## Supplied data:
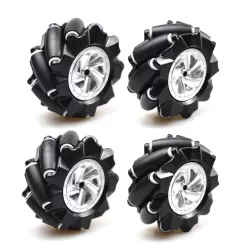 80mm-A Mecanum Wheel Compatible with 6.7mm Coupling (Pack of 4)-Black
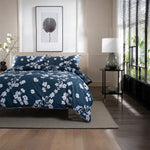 Petite Fleure 100% Cotton Duvet Cover Set – Floral Blossom Print Bedding With Piped Edges | Double | Navy Blue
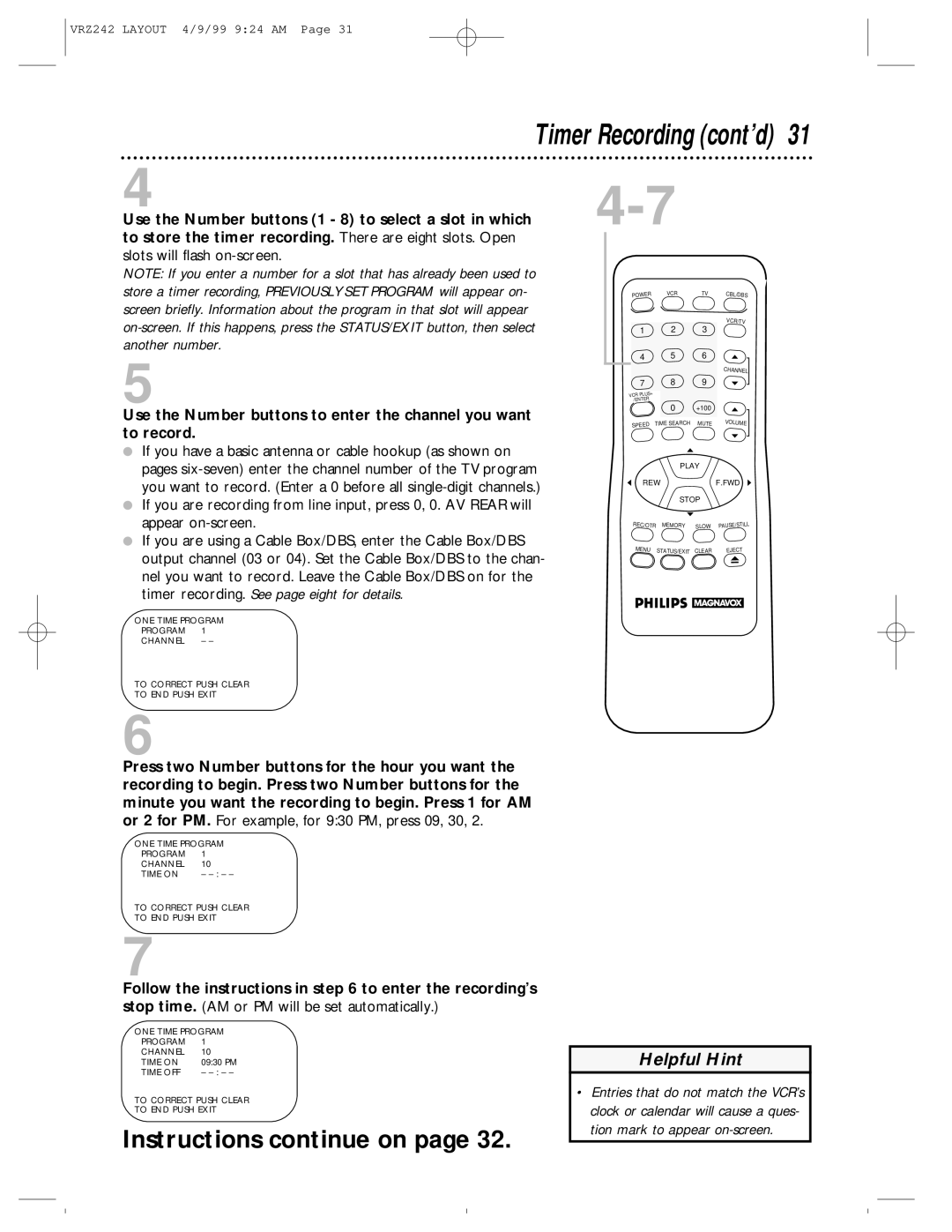 Magnavox VRZ242AT owner manual Timer Recording cont’d, Instructions continue on 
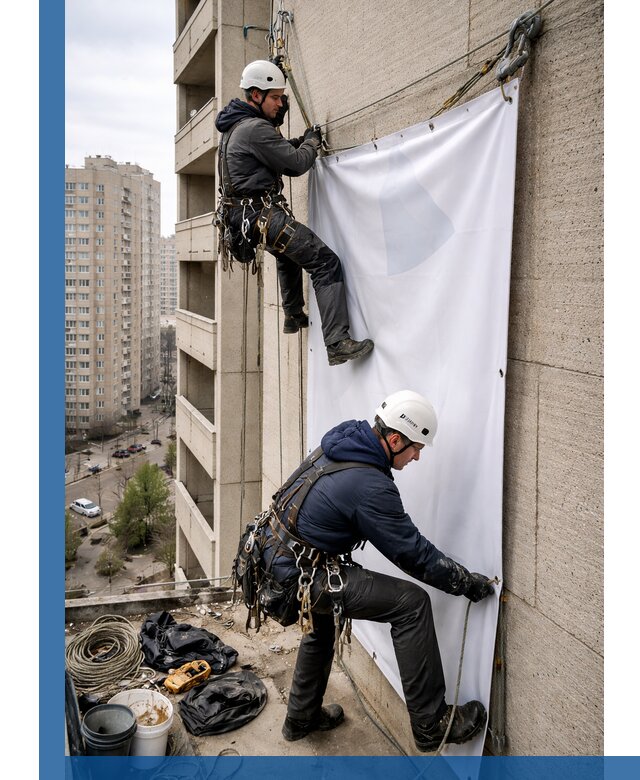 Профессиональный монтаж баннеров на фасаде в Саяногорске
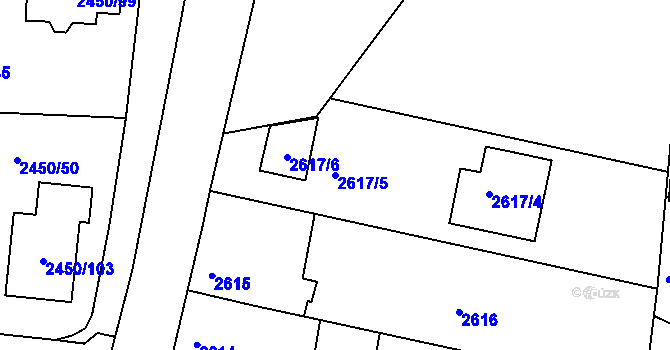 Parcela st. 2617/5 v KÚ České Budějovice 6, Katastrální mapa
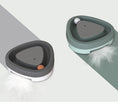 Load image into Gallery viewer, Two triangle turntable cat toys in gray and green with feather accessory on white background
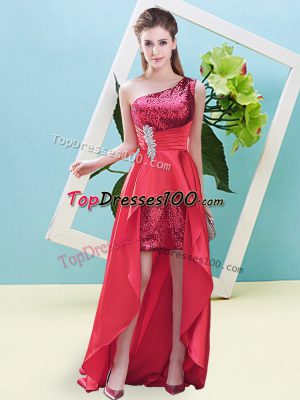 High Low A-line Sleeveless Coral Red Prom Evening Gown Lace Up
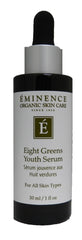 Eminence Eight Greens Serum bottle with antioxidant yucca and flaxseed omega-3 for skin protection.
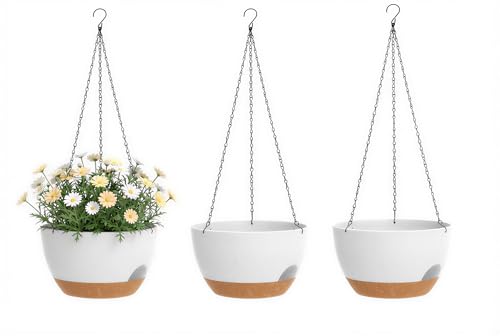 Hanging Planters 3-Pack, 8 Inch Self-Watering Hanging Pots with Drainage Hole and Chains, Plastic Planters for Indoor Outdoor（White Brown） - color: White Brown, size: 8 inches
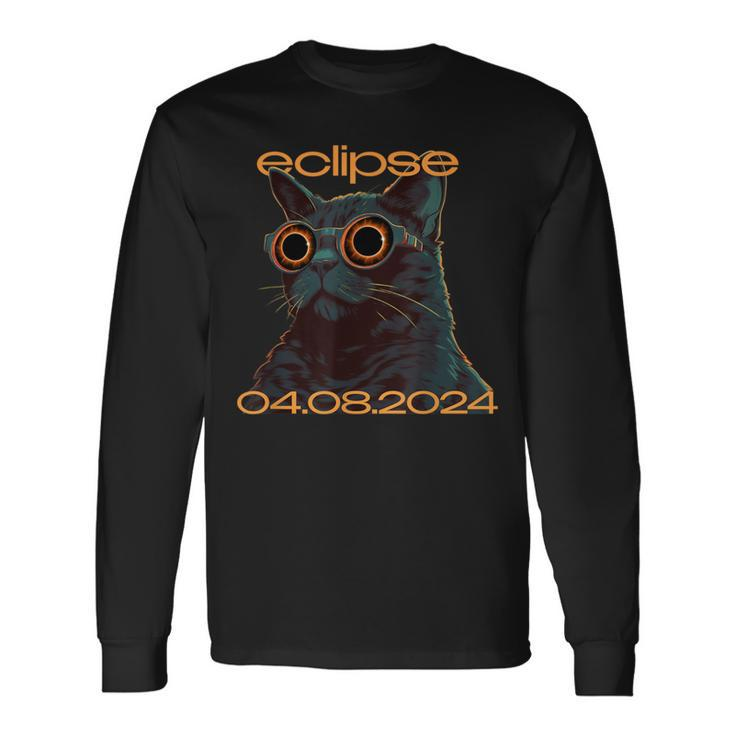 Eclipse Cat Graphic For April 2024 Eclipse Cat Lovers Long Sleeve T-Shirt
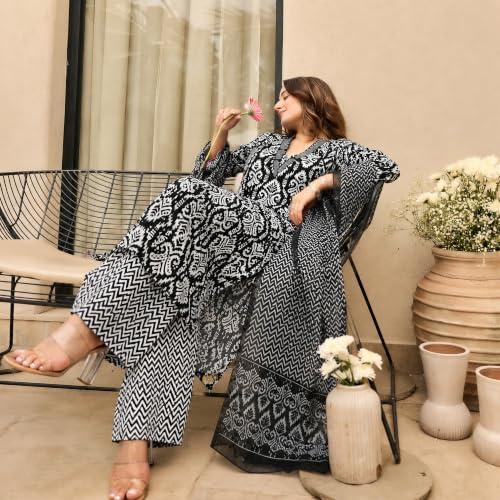 Image of J AND P J&P Women's Printed Rayon Kurta Set with Pant & Chanderi Dupatta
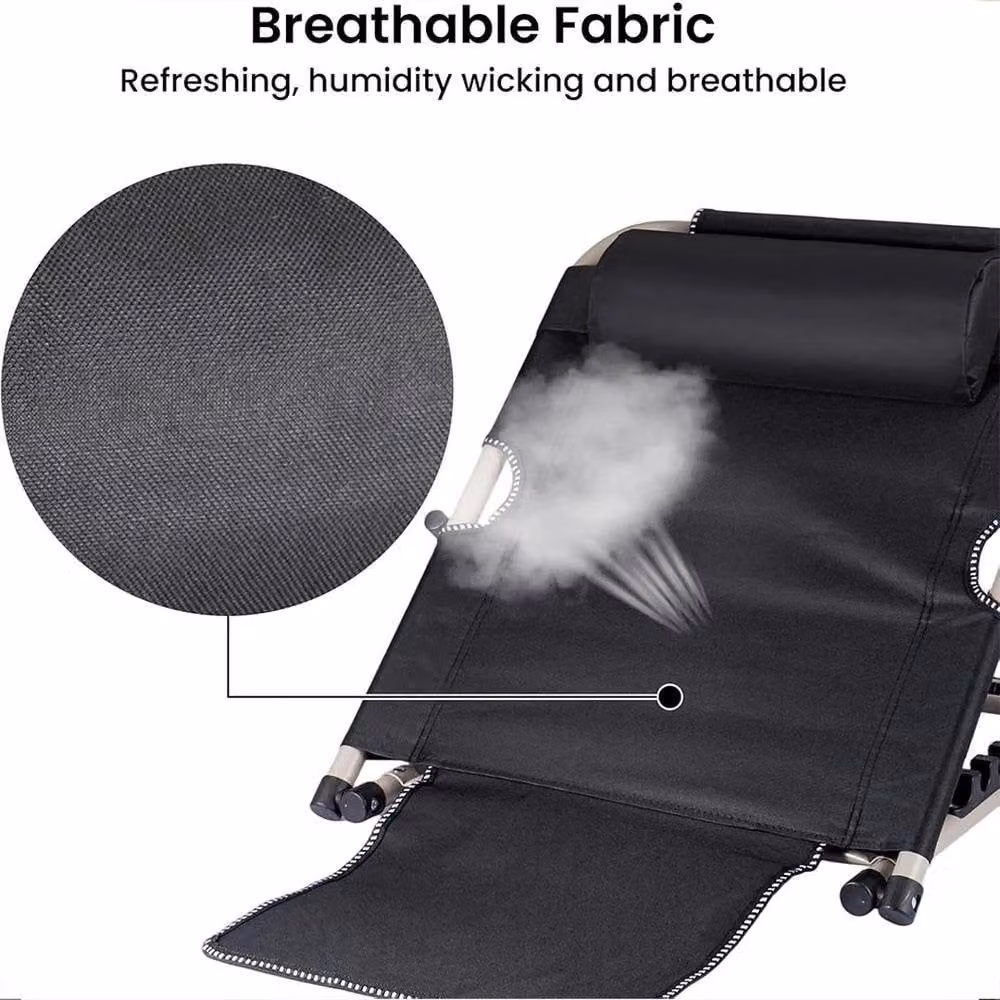 NESTLUNE Folding Bed Backrest Steel Support Frame with Headrest, 6-Position Angle Adjustment, Black – 6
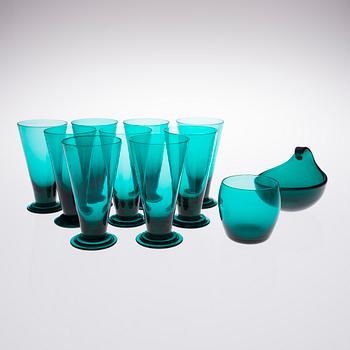 NANNY STILL, BÄGARE, 9 ST, DRYCKESGLAS SAMT SKÅL, glas, Riihimäen Lasi, 1950-60-tal.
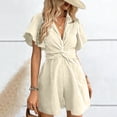 thumbnail image 2 of Jerdar Outfits for Women Summer Casual Short Sleeve Button Down Tops Blouses Shirts and Shorts Set with Pockets Jumpsuit M, 2 of 6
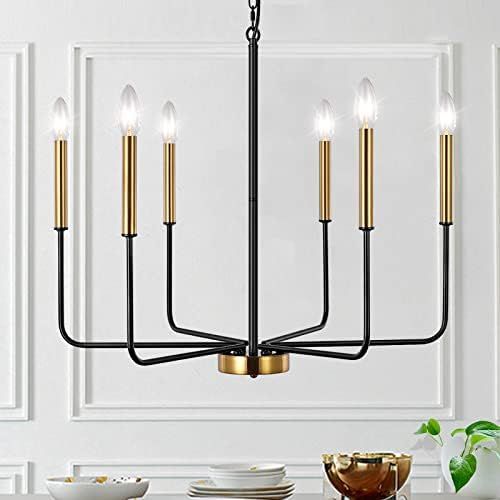 MRHYSWD 6 Light Black and Gold Chandelier Modern Farmhouse Chandeliers for Dining Room Lighting Fixt | Amazon (US)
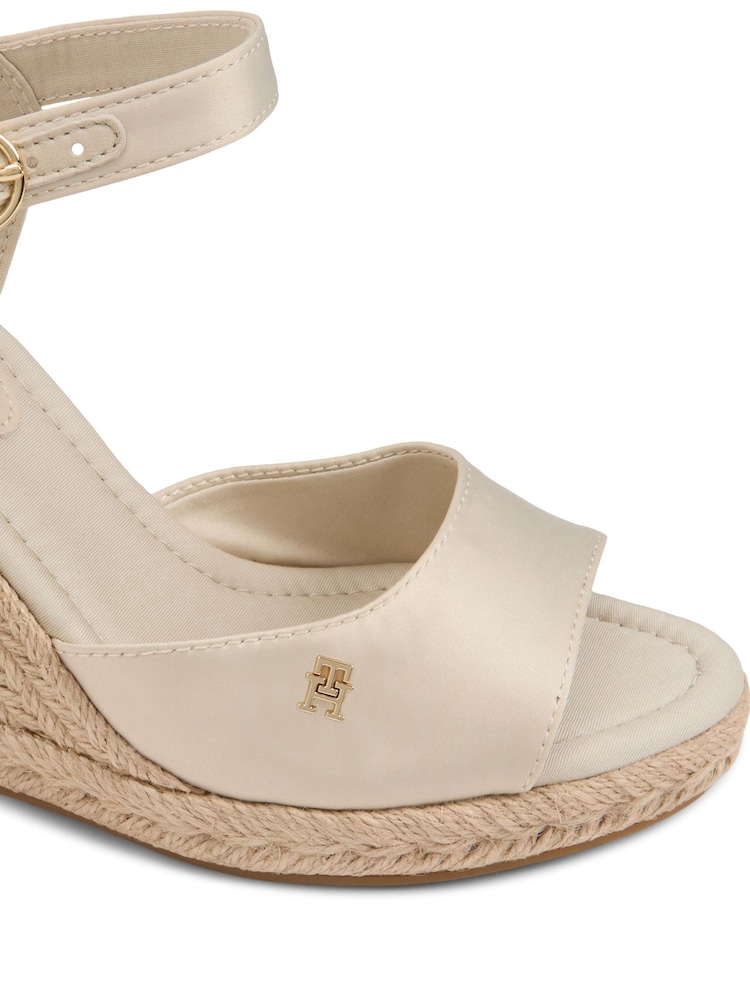 Tommy Hilfiger Cream Satin Monogram Wedge Espadrilles - Image 6 of 6 Tommy Hilfiger Cream Satin Monogram Wedge Espadrilles - Image 6 of 6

## What is expected:
Could you set down nothing but the lines from the one containing "Image of J AND" through the last line of the records above, both ends included, exactly as given and free of pictures?

## Response:
 Image of J AND P J&P Women's Printed Rayon Kurta Set with Pant & Chanderi Dupatta
 NESTLUNE Folding Bed Backrest Steel Support Frame with Headrest, 6-Position Angle Adjustment, Black – 6
 NANNY STILL, BÄGARE, 9 ST, DRYCKESGLAS SAMT SKÅL, glas, Riihimäen Lasi, 1950-60-tal.
 thumbnail image 2 of Jerdar Outfits for Women Summer Casual Short Sleeve Button Down Tops Blouses Shirts and Shorts Set with Pockets Jumpsuit M, 2 of 6
 MRHYSWD 6 Light Black and Gold Chandelier Modern Farmhouse Chandeliers for Dining Room Lighting Fixt | Amazon (US)
 Tommy Hilfiger Cream Satin Monogram Wedge Espadrilles - Image 6 of 6 Tommy Hilfiger Cream Satin Monogram Wedge Espadrilles - Image 6 of 6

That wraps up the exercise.